Of the entries below, repeat exactly only those lines from the one containing "Cable de carga" through the last line, with pictures omitted.

====== EXCERPTED DATA ======

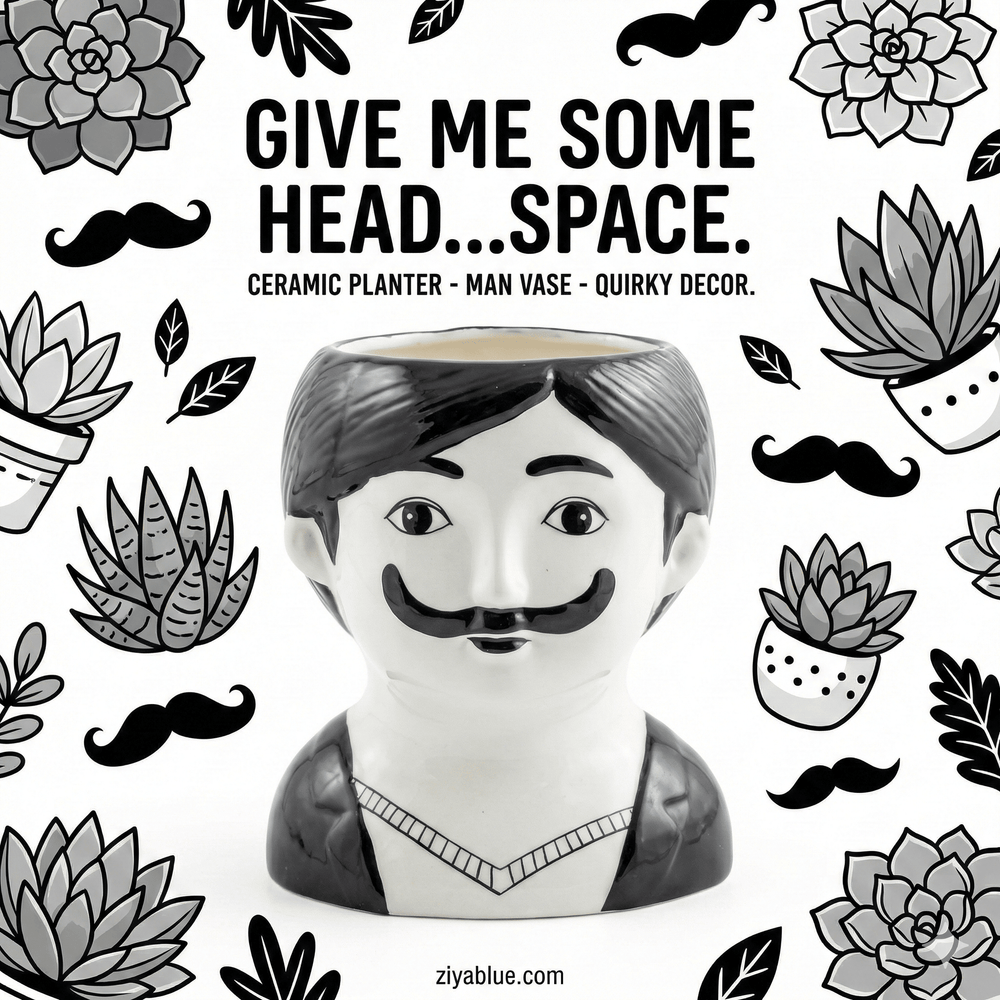 Modern Male Face Ceramic Vase | Black & White Monochrome Decor - Ziya Blue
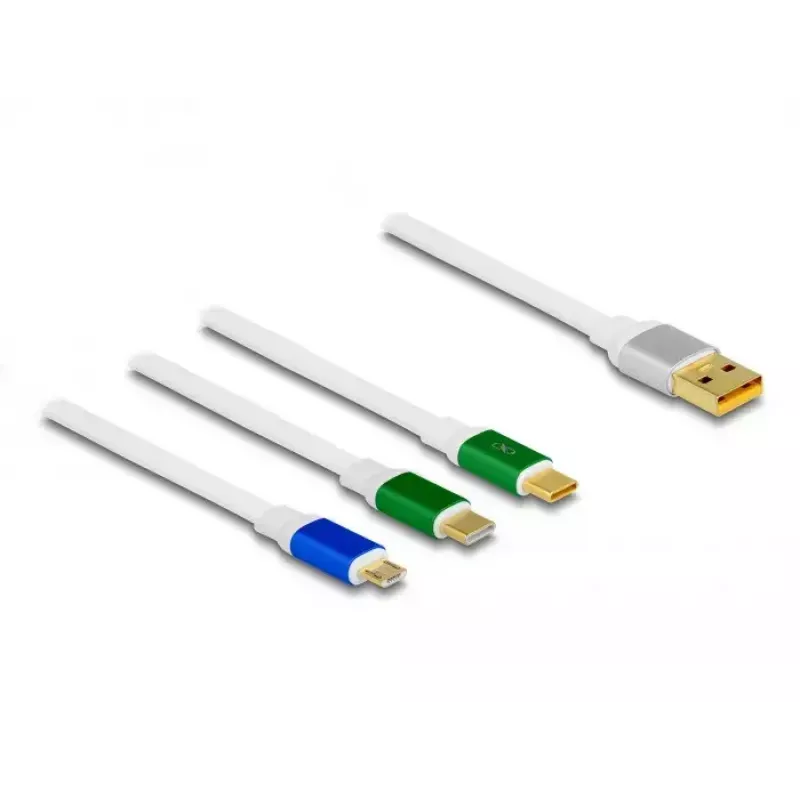 Cable de carga retráctil 3 en 1 DeLOCK Type-A a Micro USB / 2 x USB Type-C carga rápida 1,13 m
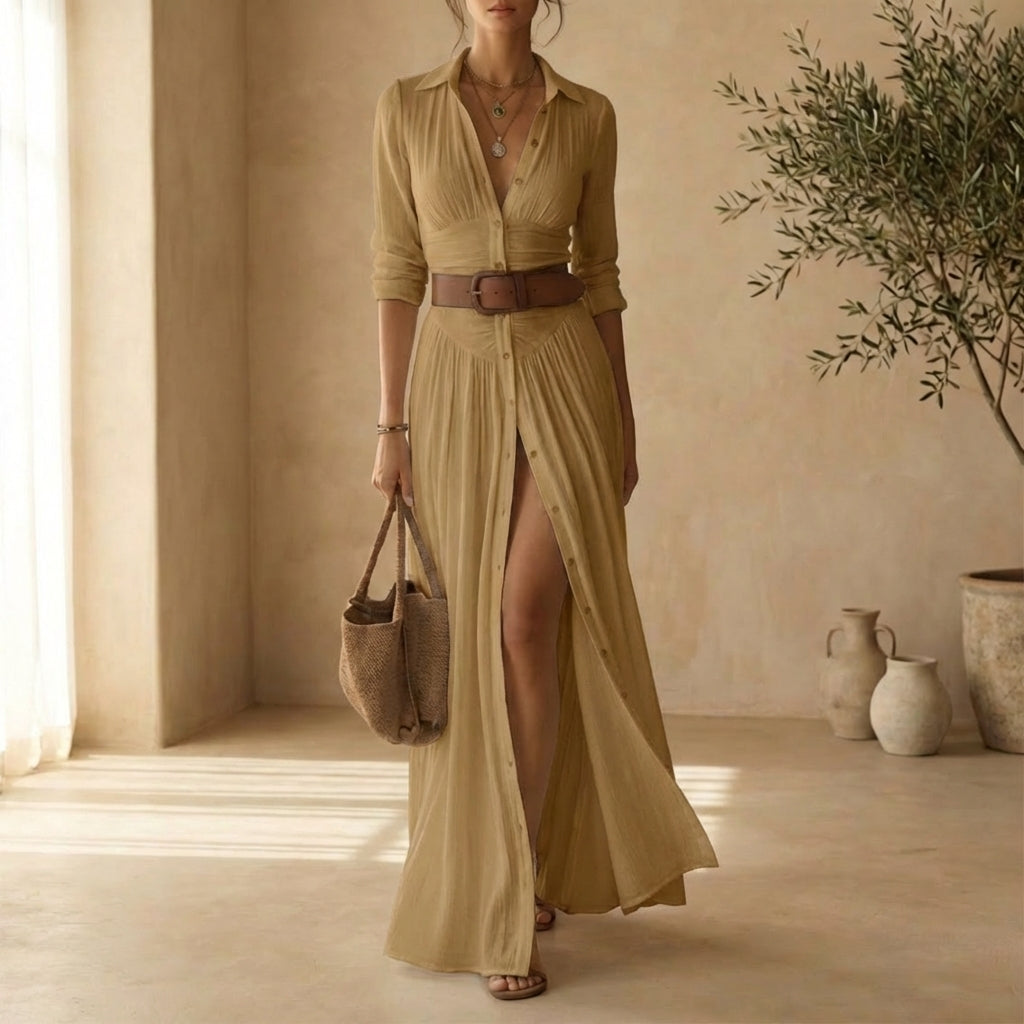 Vestido Giorgina, con cuello de solapa y mangas largas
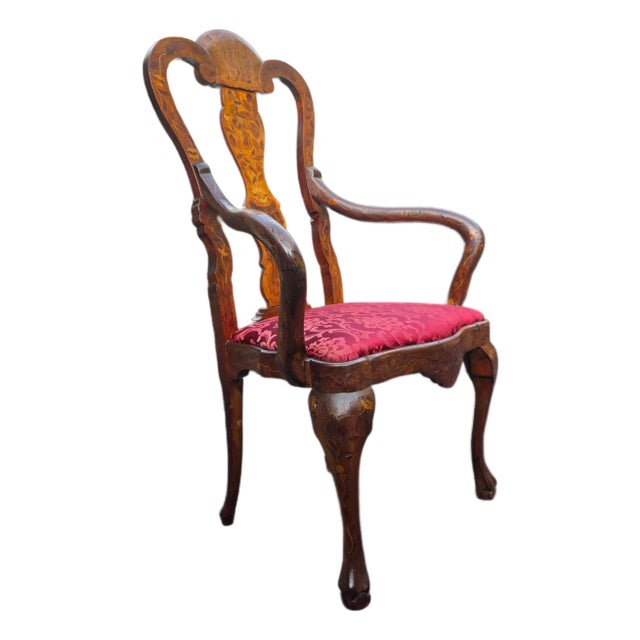 Antique Early 19th-Century Dutch Marquetry Armchair For Sale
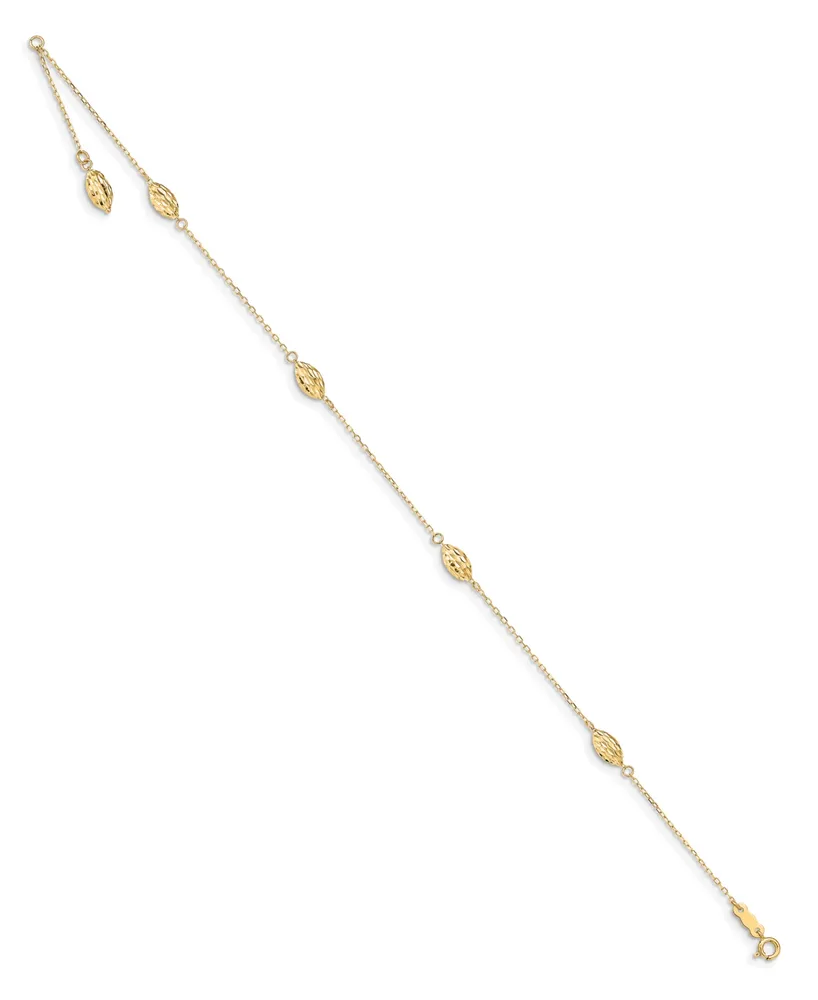 Rice Bead Anklet in 14k Yellow Gold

======

### TASK RESULT
 Cable de carga retráctil 3 en 1 DeLOCK Type-A a Micro USB / 2 x USB Type-C carga rápida 1,13 m
 Vestido Giorgina, con cuello de solapa y mangas largas
 Antique Early 19th-Century Dutch Marquetry Armchair For Sale
 Rice Bead Anklet in 14k Yellow Gold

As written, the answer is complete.